→ WHAT YOU HAVE TO DO:
Would you transcribe the entries below, beginning at the line with "VONATOK 1. - Memória" and ending after the line with "Talltalk 5 Pieces", exactly, with no picture and nothing more?

→ RECORDS FOR THIS EXERCISE:
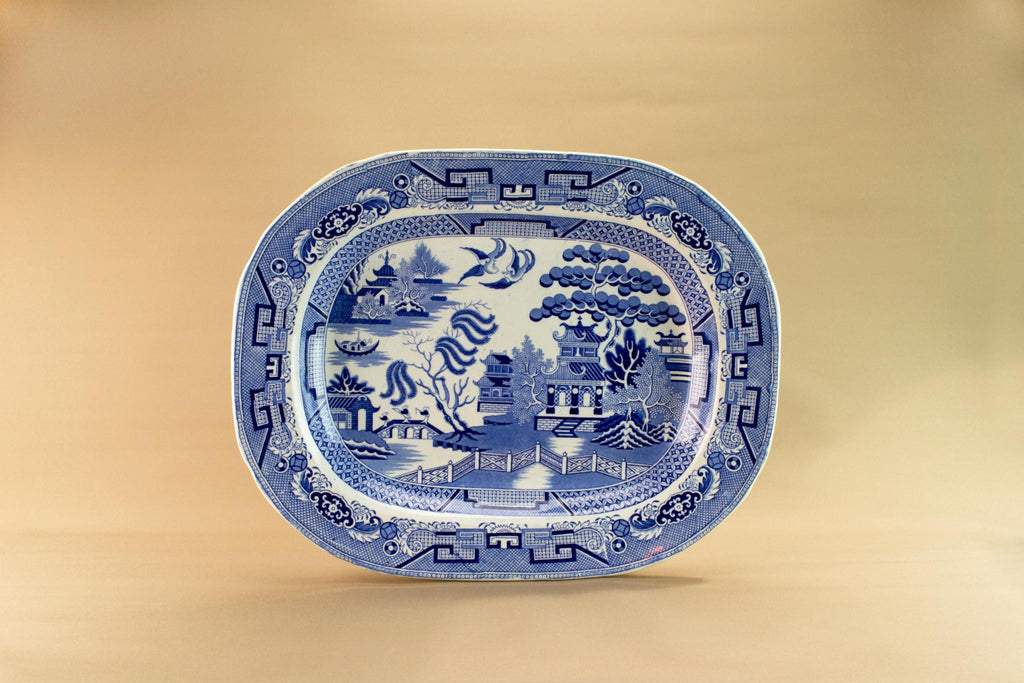 Large blue willow platter, late 19th c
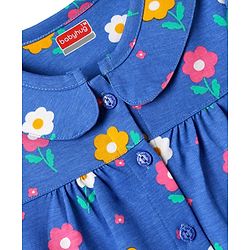 Babyhug 100% Cotton Knit Half Sleeves Co-ords Front Open Night Suit With Floral Print - Blue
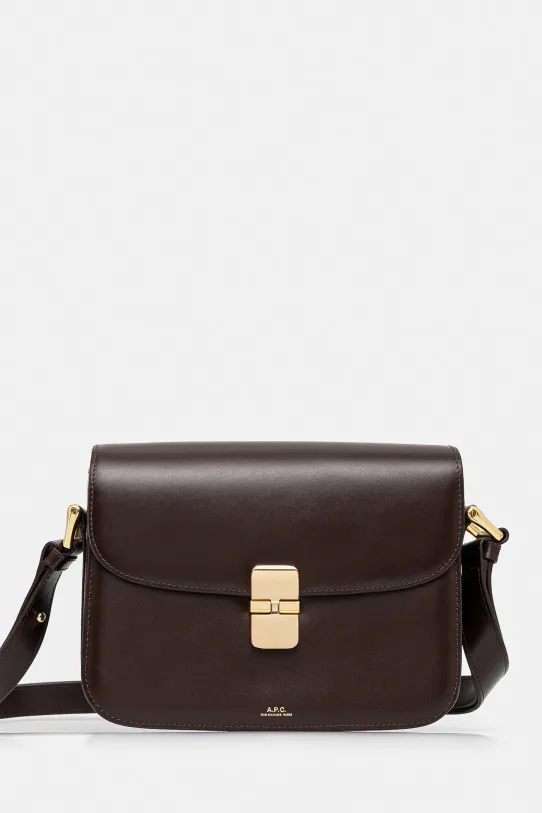 A.P.C. torebka skórzana skóra licowa brązowy PXBMW.F61412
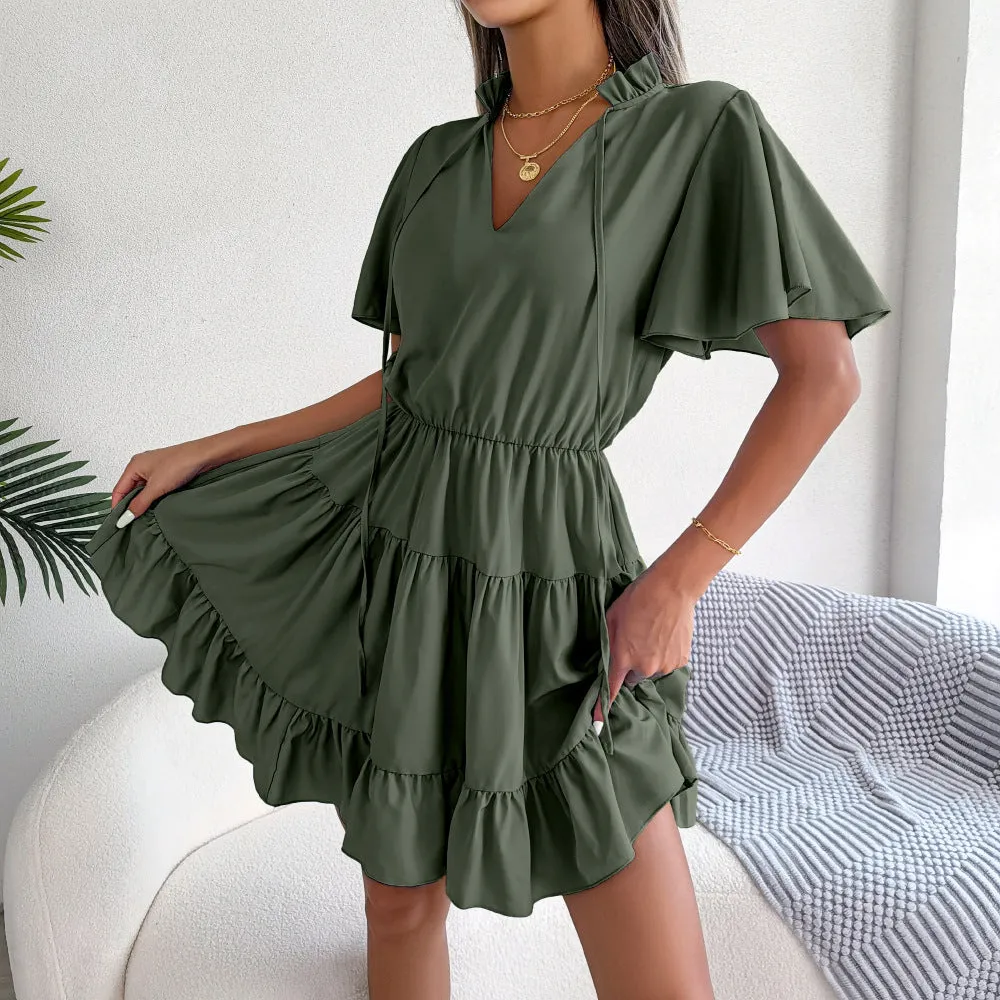 Female Flounced Skirt Ribbon Big Hem A- Line Skirt Solid Color Dress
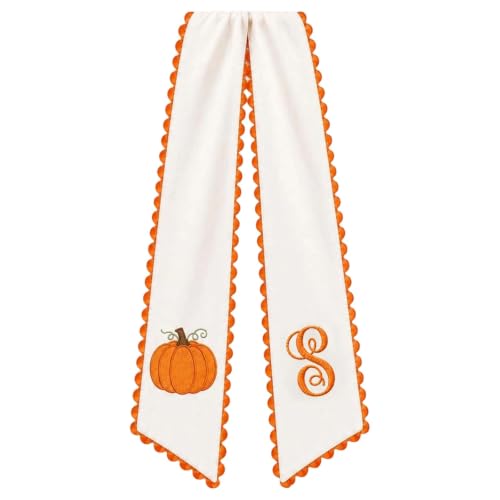 Fall Wreath Sash for Front Door with Embroidered Pumpkin & Scalloped Trim - S Variation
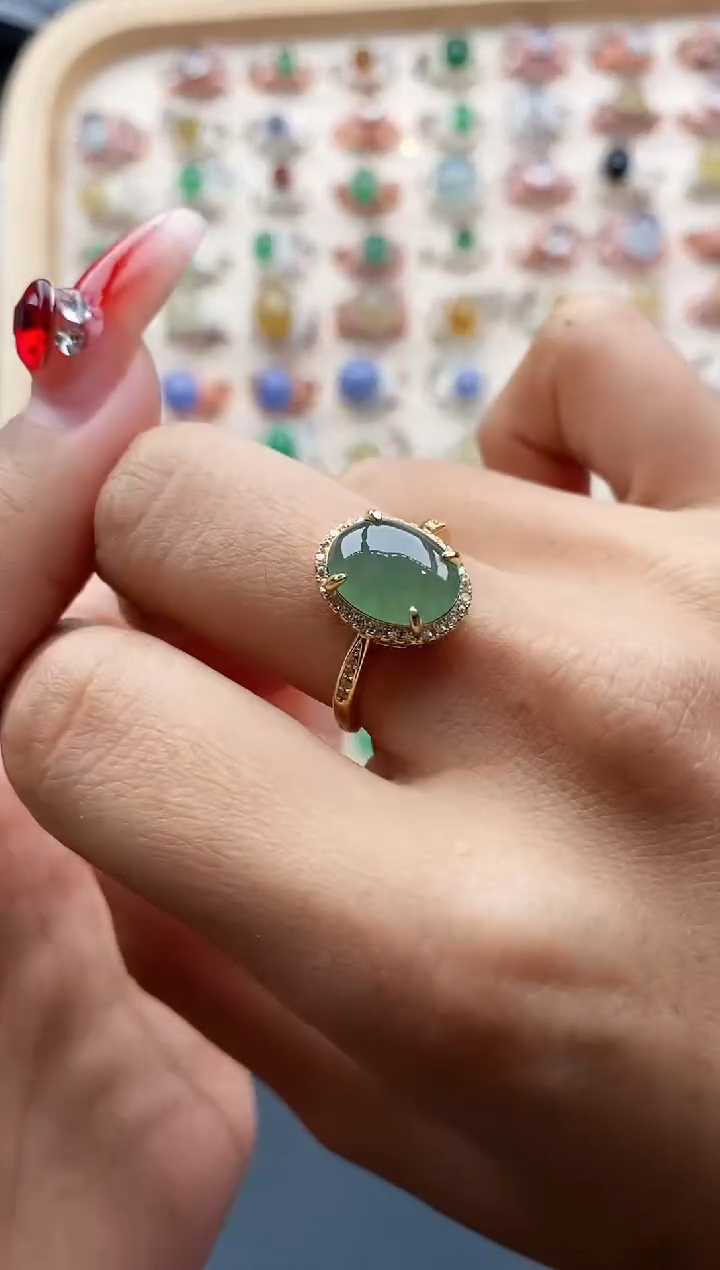 【闪购商品】翡翠戒指银S925镶嵌缅甸天然A货翡翠444 9+1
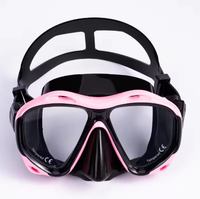Masque de plongée avec tuba, masque de plongée en silicone, verre trempé, design à 180 degrés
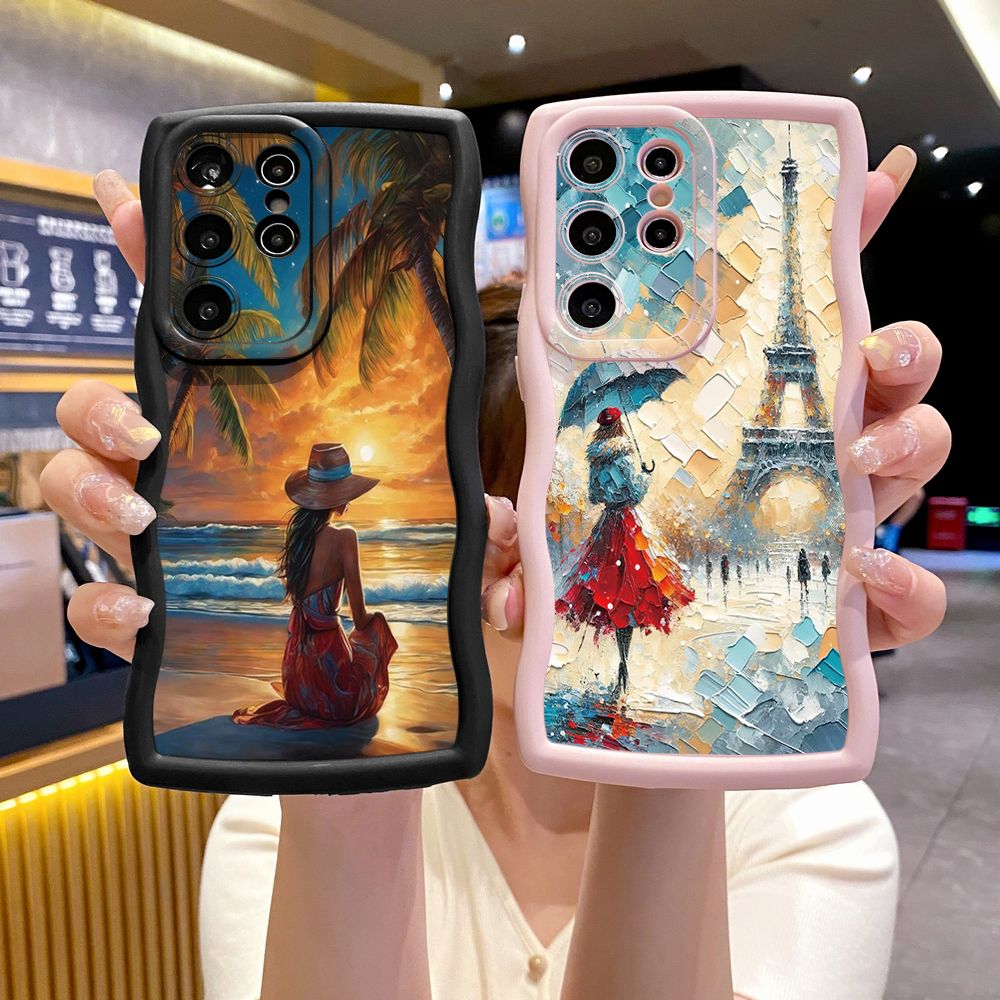 For Samsung Galaxy S24 S23 Ultra S22 Plus S21 FE S20 Girl Eiffel Tower Wave Frame Phone Case Anti Drop Cover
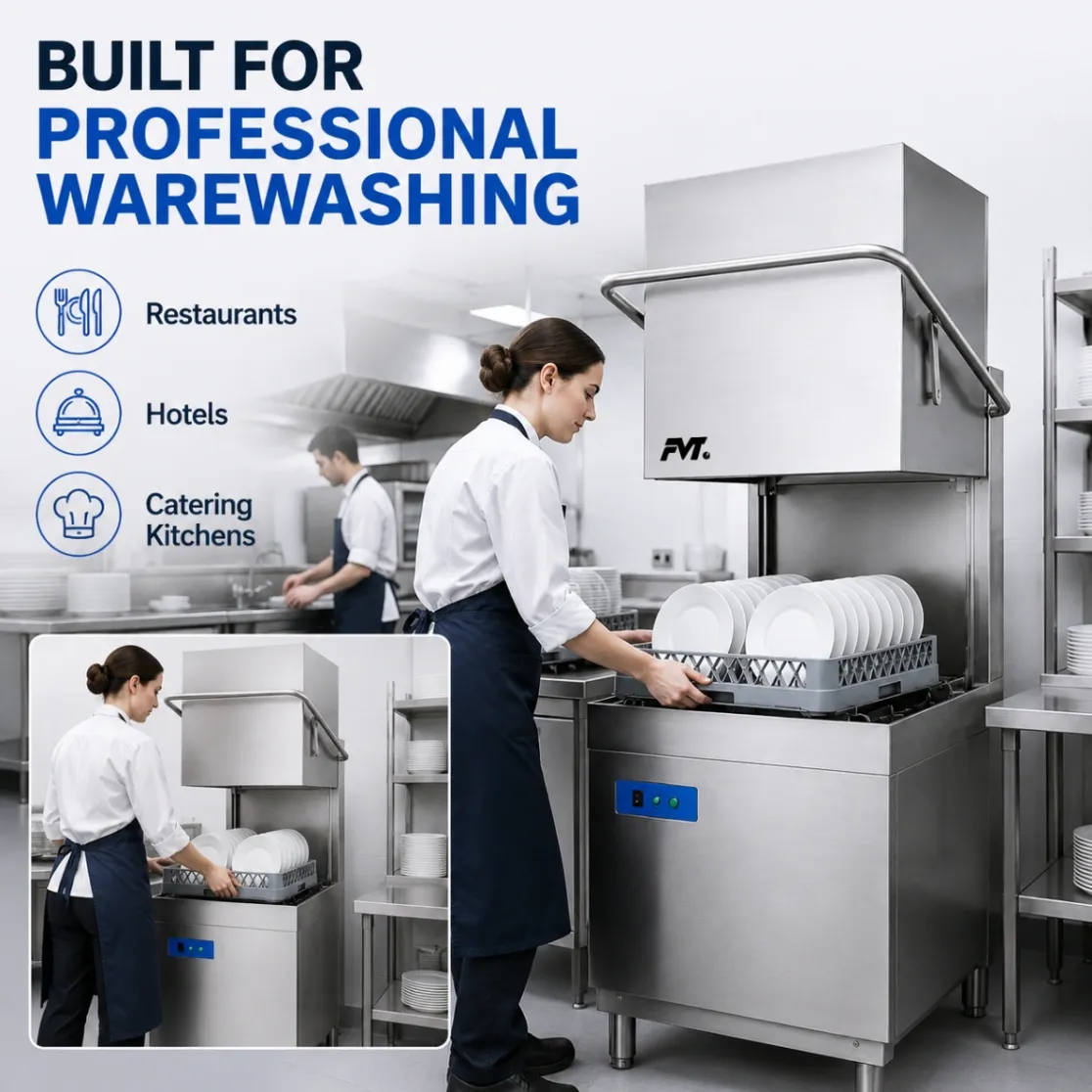 Single-Pump Hood-Type lavaplatos comercial, 30 estantes calentados eléctricos/hora - Lavavajillas - foodmachtech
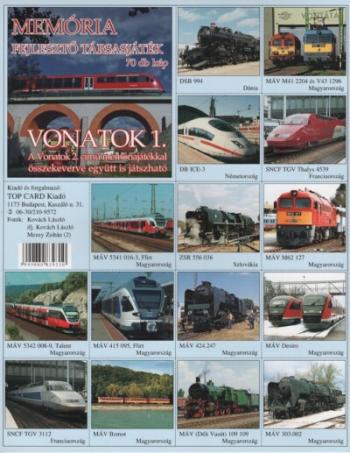 VONATOK 1. - Memória fejlesztő társasjáték 70 kép (1 kihajtható lap) Kép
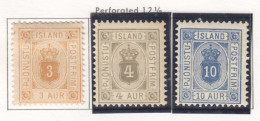 Sp608 1876 Iceland Service Stamp Crown Shield Perf 14X12.5 Michel #3B,5B 68 Euro #4B Undefined Price 3St Lh - Unused Stamps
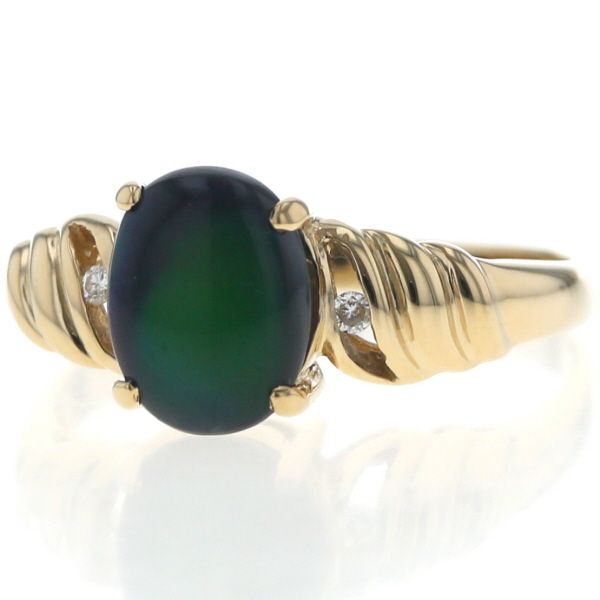 K 18 YG イエローゴールド リング ブラックオパール ダイヤモンド オーバル カボション ツイスト 指輪 16号 仕上済 zz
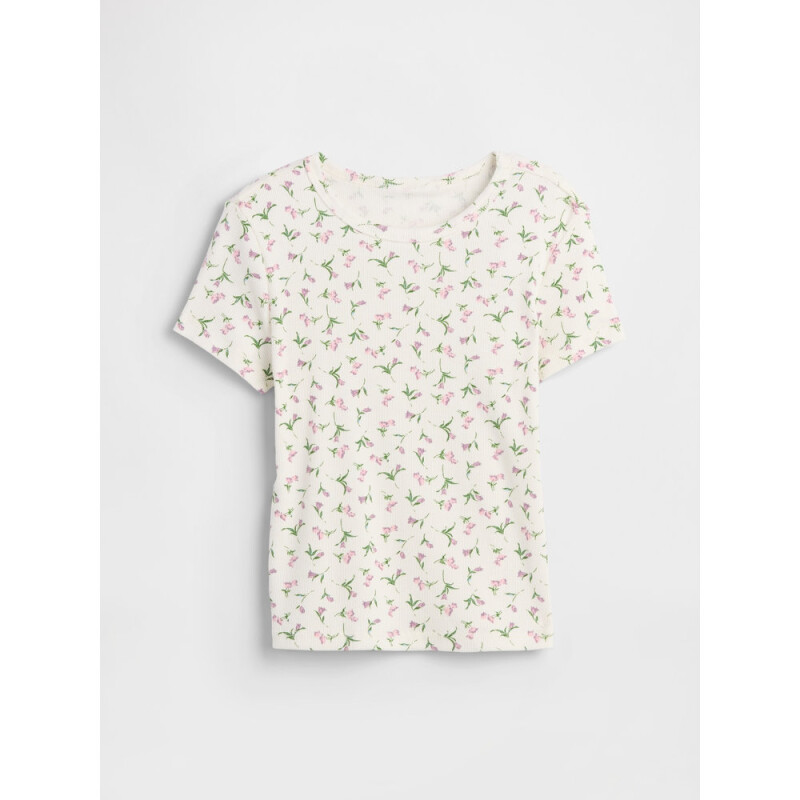 V-HS SS RIB TEE WHITE FLORAL PRINT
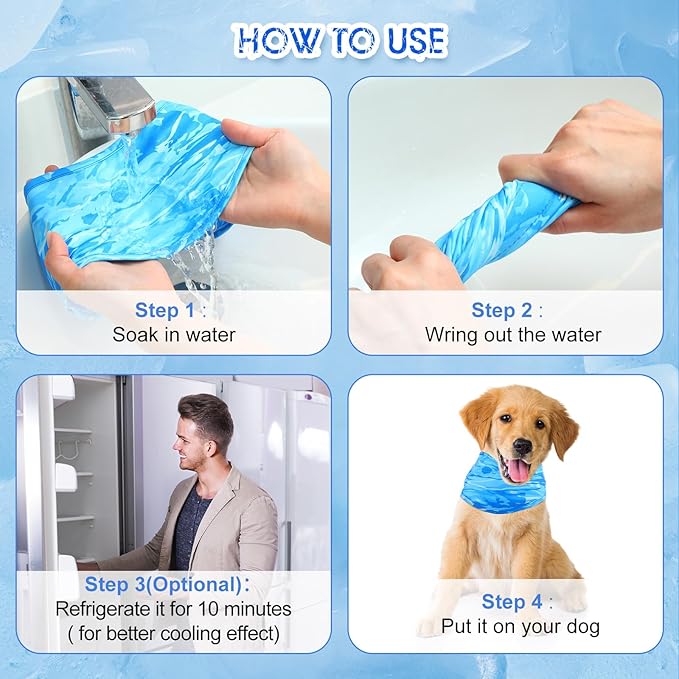 Talltalk 5 Pieces Dog Cooling Bandanas Neck Wraps Ice Scarf Pet Dog Cooling Collar Hunting Training Hiking Camping Accessories for Summer(S)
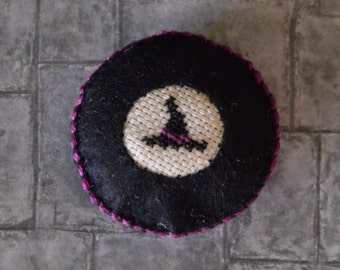 Witch themed embroidered pillow - Witch Hat, Halloween, Goth, dollhouse miniature in one inch scale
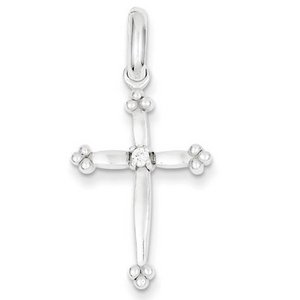 Sterling Silver CZ Cross Pendant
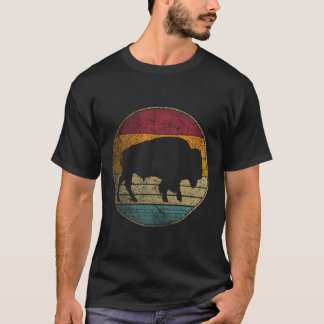 Distress Buffalo Retro Bison Animal Lover Manar Wo T Shirt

→ SOLUTION TO THIS TASK:
 VONATOK 1. - Memória fejlesztő társasjáték 70 kép (1 kihajtható lap) Kép
 Sp608 1876 Iceland Service Stamp Crown Shield Perf 14X12.5 Michel #3B,5B 68 Euro #4B Undefined Price 3St Lh - Unused Stamps
 K 18 YG イエローゴールド リング ブラックオパール ダイヤモンド オーバル カボション ツイスト 指輪 16号 仕上済 zz
 V-HS SS RIB TEE WHITE FLORAL PRINT
 Talltalk 5 Pieces Dog Cooling Bandanas Neck Wraps Ice Scarf Pet Dog Cooling Collar Hunting Training Hiking Camping Accessories for Summer(S)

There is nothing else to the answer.